In her opening address to European MEPs earlier this year, she introduced herself thus: “My name is Greta Thunberg, and I want you to panic.”

That simple phrase is a perfect encapsulation of the uniquely effective language Thunberg uses to get her message across. It stands in stark contrast to the traditional climate change speeches made by celebrities, which are weighed down by phrases like ‘moral imperatives’ and ‘drowned by the politics of greed.’ This kind of verbosity often alienates less educated listeners, and what’s more, speaking in grand terms of abstract, unnamed entities gives audiences an excuse to distance themselves from the issue. (‘Greedy people should change, then,’ they may think, ‘not me.’)

Thunberg communicates quite differently. She speaks directly to audiences, encouraging them to take personal responsibility. She’s publicly said that her Asperger’s syndrome strongly influences the way she communicates, allowing her to cut through the chaff and focus with clarity on the core issues. She always highlights the work ahead, rather than congratulating us on past milestones. Interestingly, she’s not even particularly optimistic about our future.

But she’s undeniably passionate. She uses short words and phrases, so her language is simple, urgent, and universal – so it’s clearly effective. “I want you to panic,” she says. Long after the speeches are forgotten, phrases like that tend to linger in your head.

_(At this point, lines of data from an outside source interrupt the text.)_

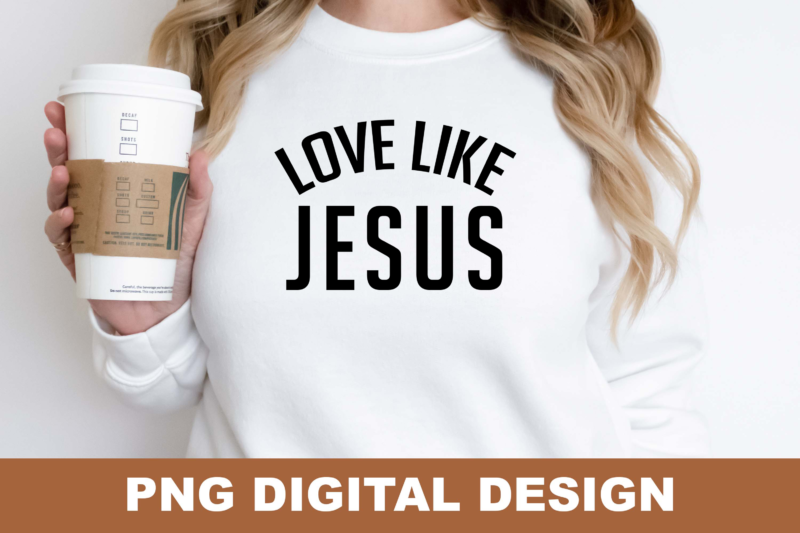 Christian Jesus Pray PNG Sublimation Design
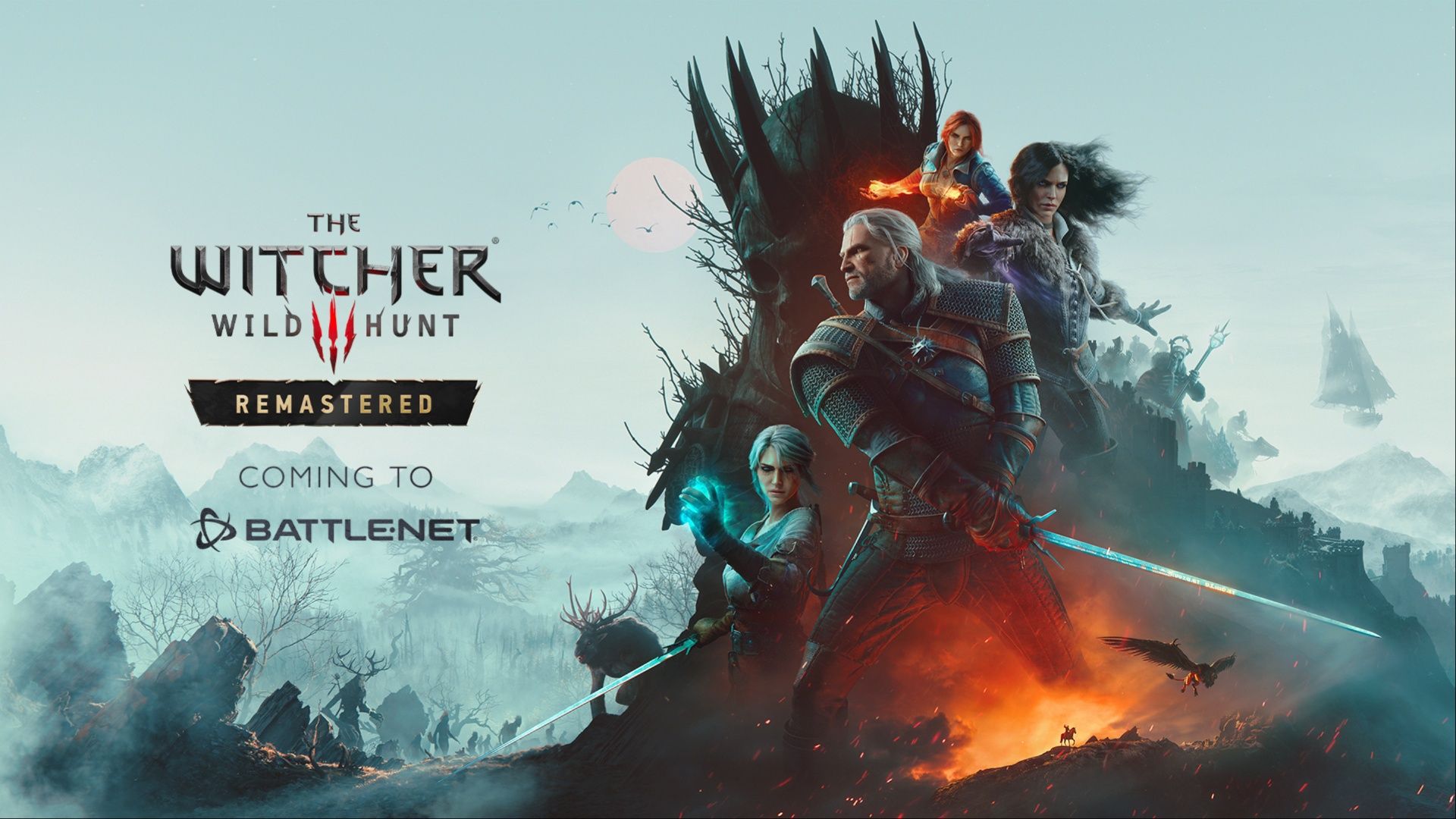 the witcher 3 key art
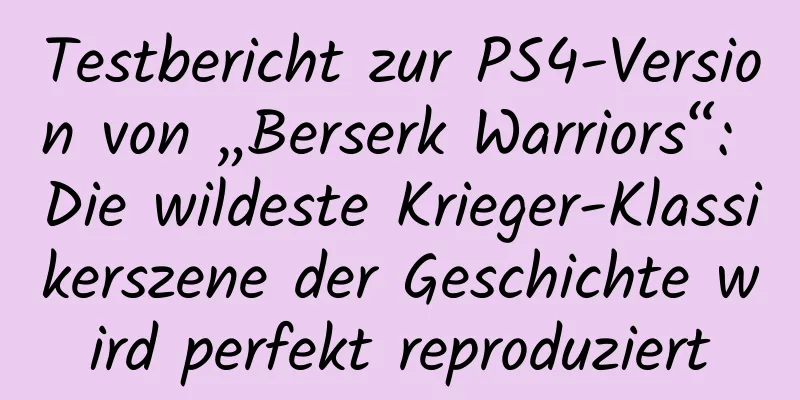 Testbericht zur PS4-Version von „Berserk Warriors“: Die wildeste Krieger-Klassikerszene der Geschichte wird perfekt reproduziert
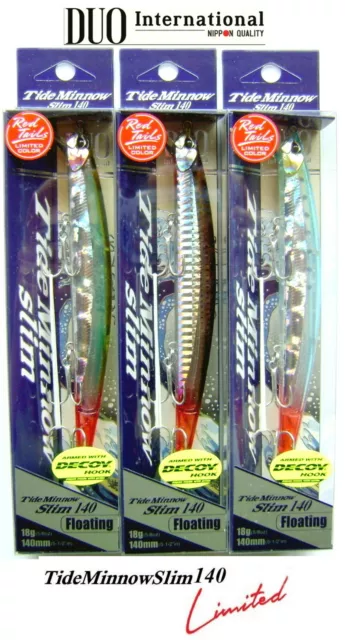 DUO Tide Minnow Slim 140 Red Tail,Saltwater Fishing Lure,Hard Bait,Sea Bass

2. Her (lack of) profession

Unlike many other activists, Thunberg had no professional life to speak of before 2018. Her work is not a side project, and she’s not using it to further any other platform. For example, skeptics see Leonardo DiCaprio’s activism as part of the ‘DiCaprio brand.’ In other words, he lacks genuine belief but is paying lip service to the cause to enhance his image as a celebrity. It doesn’t help that many other activists are also actors – Hollywood has famously liberal leanings, which means it tends to be an echo chamber, undercutting the message.

However, Thunberg doesn’t make her speeches while accepting unrelated awards. Everything she does is singularly focused on this one issue, and she’s vowed not to be associated with commercial interests. Her family maintains she’s never been paid for her work. This fearlessness, determination, and meteoric rise from obscurity makes her a powerful inspiration for others, making her relatable to a far wider audience.

3. Her lifestyle

Another reason many celebrities aren’t taken seriously is that their rich and powerful lifestyle is often directly at odds with the message they’re trying to communicate. An infamous recent example was Google Camp, which saw celebrities converge to Italy to discuss climate change. Unfortunately, they all did in private jets and boats, creating an 800-tonne carbon footprint. It’s another accusation that’s been leveled at DiCaprio, who frequently travels by private jet.

Meanwhile, Thunberg goes to great lengths to practice what she preaches. A staunch vegan, she recently eschewed flying to New York in favor of sailing there instead and undertakes most international travel by rail. She lives her values – another thing she attributes to her Asperger’s, which doesn’t allow for many shades of grey. This frugal lifestyle puts far more weight behind her words.

4. Her youth

Arguably one of her most powerful attributes is a large part of what got her noticed in the first place. Her eloquence and passion at such a relatively tender age have won her worldwide admiration from adults, but most importantly it also helps her to connect with her peers, who are increasingly more issue-oriented.

Essentially, as a young person on the global political stage, Thunberg is giving a voice to a demographic that often feels marginalized in a wider political conversation. Stay in school; young people are often told. Your time will come one day. But she rejects that narrative, making her an inspiration for everyone’s brothers, sisters, and children, who then advocate for change within their own families. And of course, their unrivaled mastery of social media is also a factor, helping to spread her message to new generations and audiences never like before – including millions of drivers.

The big question, of course, will climate guilt amongst drivers help inspire them to make any meaningful change, or will the small lies be enough to help them cope? For now, that remains to be seen.